## ACTIVITY
Return each line exactly, beginning with the one that has "Planinski dom Komenda, Jože" and finishing with the final line of the material. Drop any pictures.

## DATASET
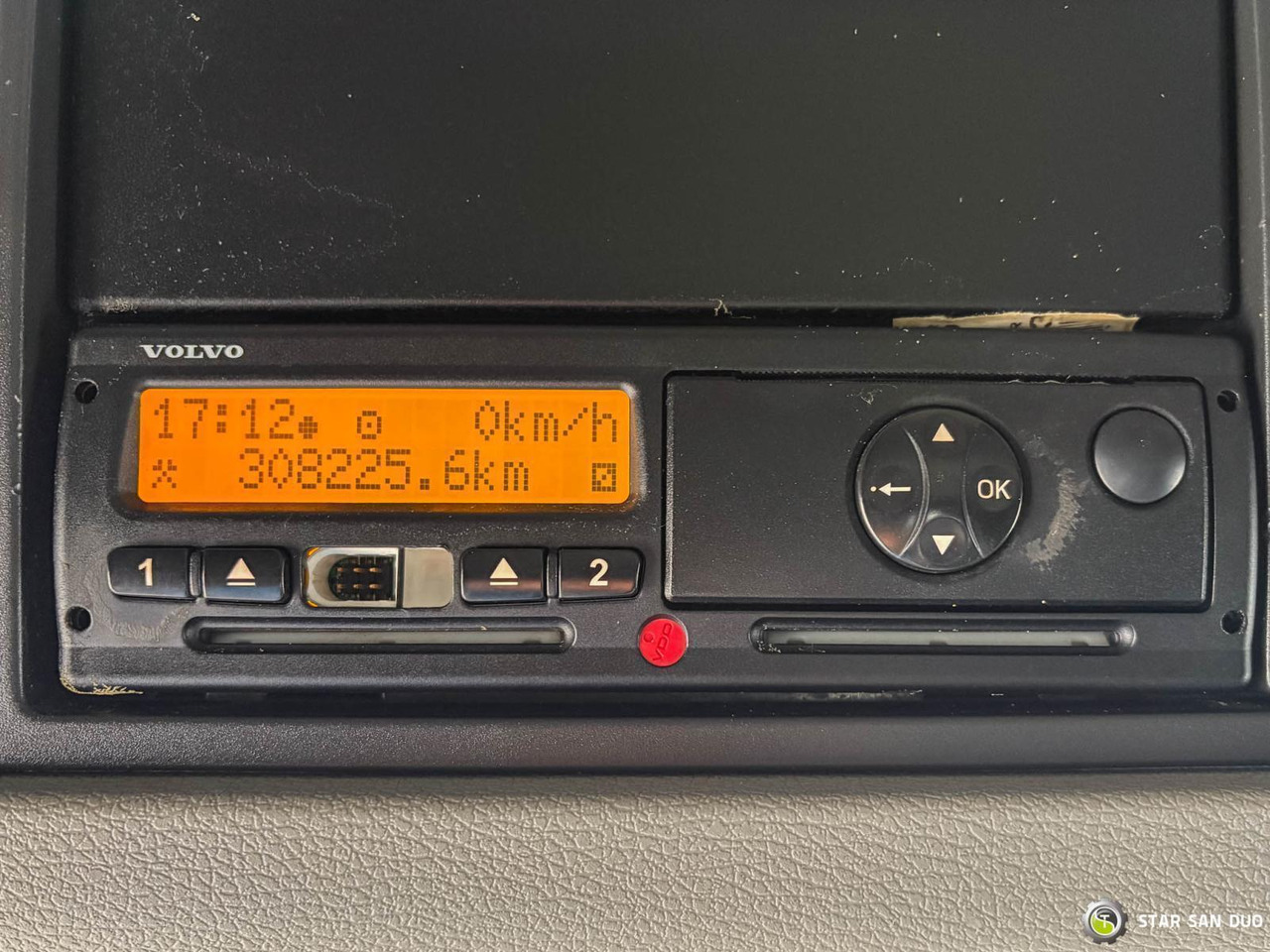 Camião grua : foto 22 Camião grua : foto 22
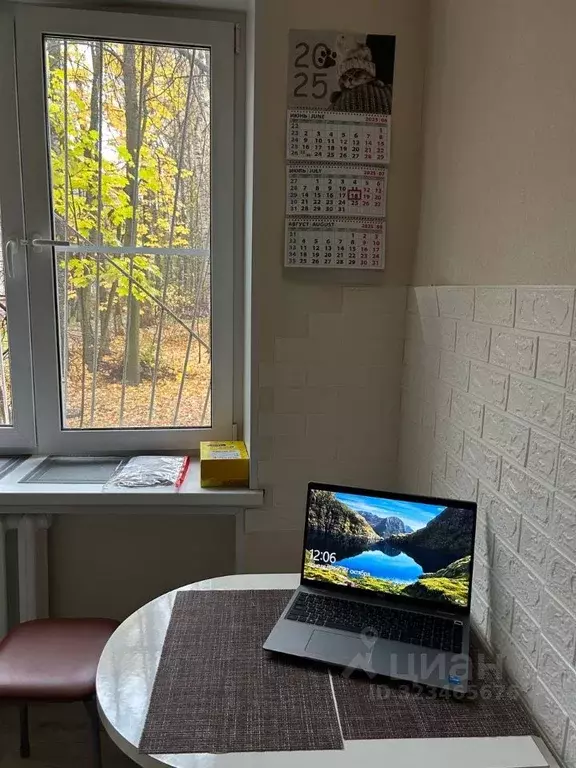 1-к кв. Санкт-Петербург ул. Матроса Железняка, 13 (31.0 м) - Фото 1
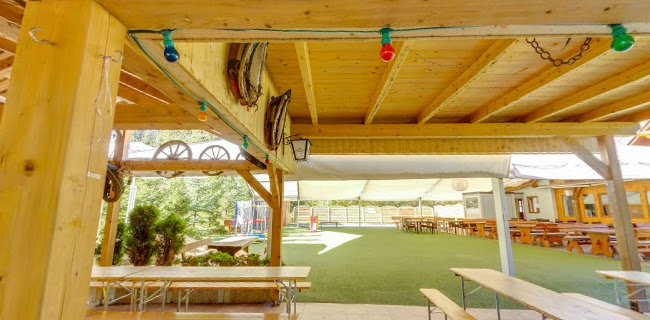 Planinski dom Komenda, Jože Dodig s.p. - Gastronomija in gostinstvo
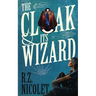 The Cloak and Its Wizard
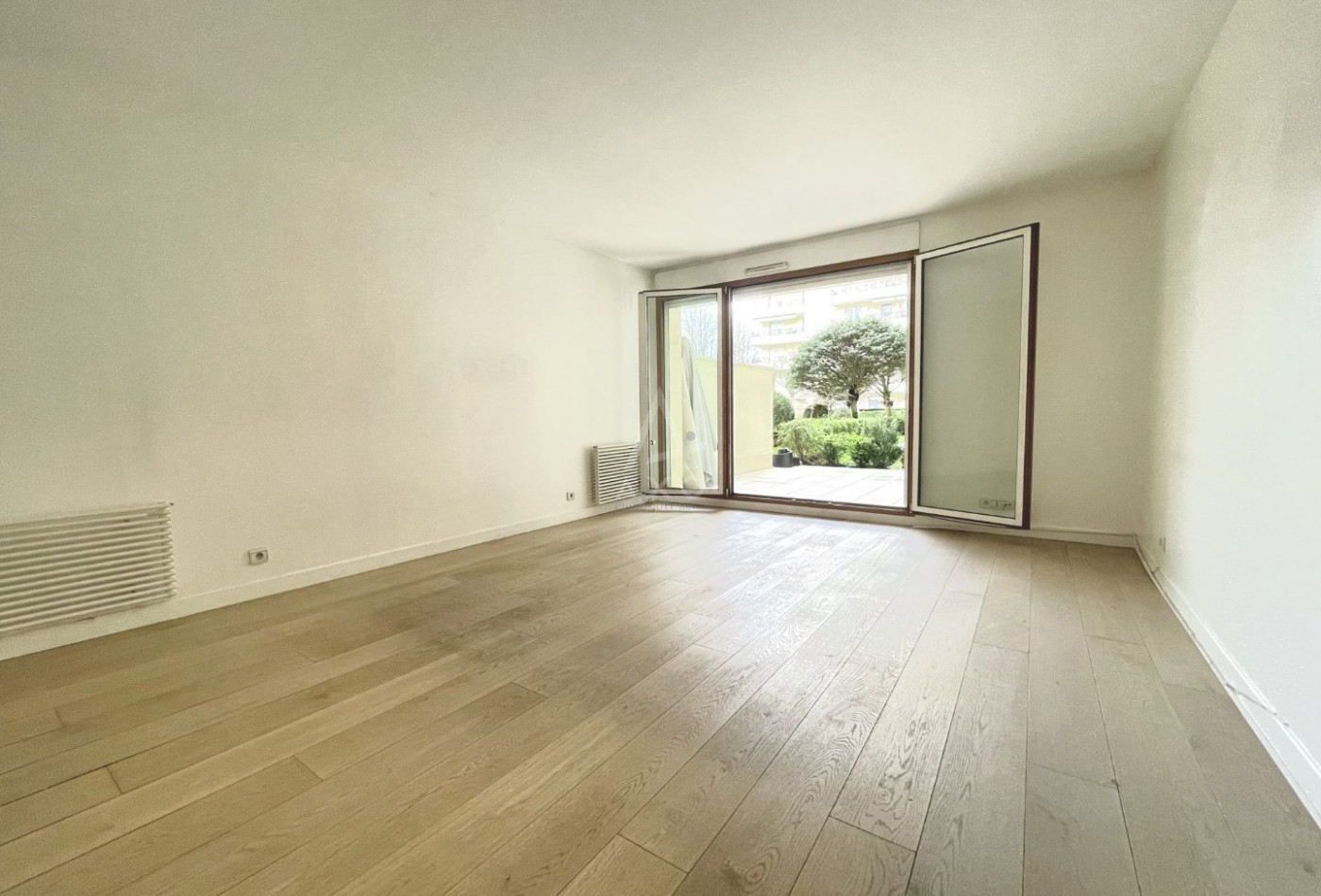 vente Appartement Levallois Perret - Photo 3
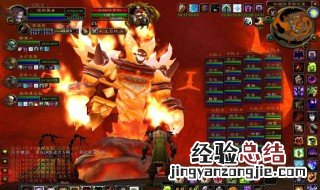 魔兽世界怀旧服战士装备上哪 魔兽世界怀旧版战士装备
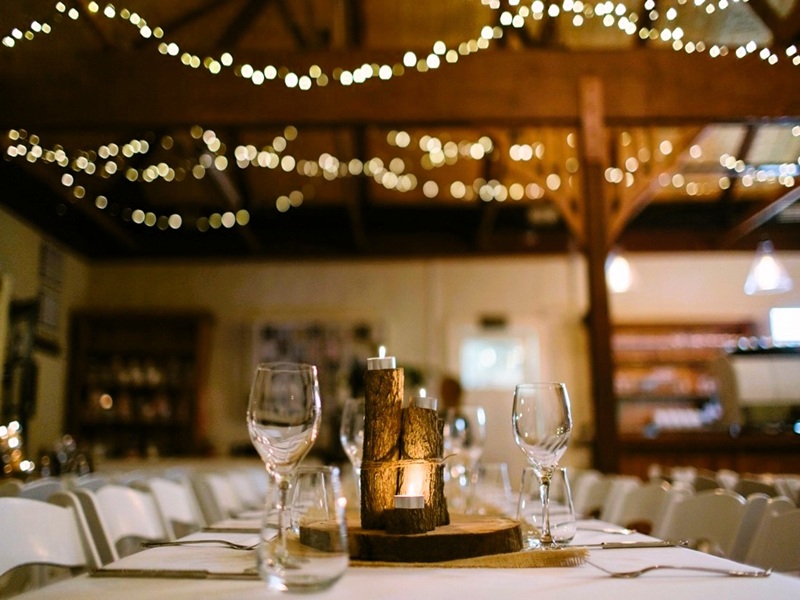Charming foothills cafe, restaurant & event venue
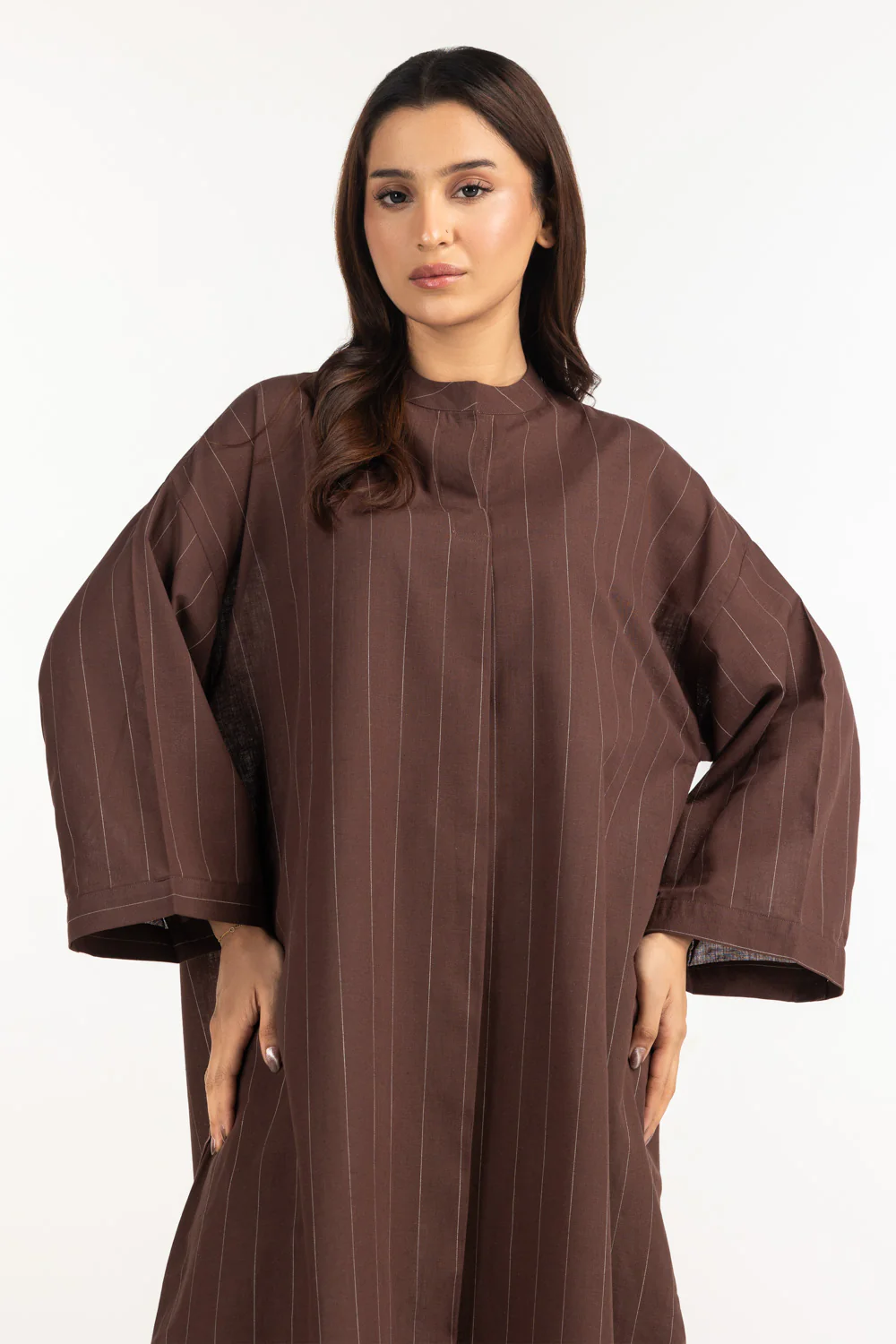 Regular Fit Dress - Image 3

## YOUR SOLUTION
 Planinski dom Komenda, Jože Dodig s.p. - Gastronomija in gostinstvo
 The Cloak and Its Wizard
 vente Appartement Levallois Perret - Photo 3
 魔兽世界怀旧服战士装备上哪 魔兽世界怀旧版战士装备
Charming foothills cafe, restaurant & event venue
 Regular Fit Dress - Image 3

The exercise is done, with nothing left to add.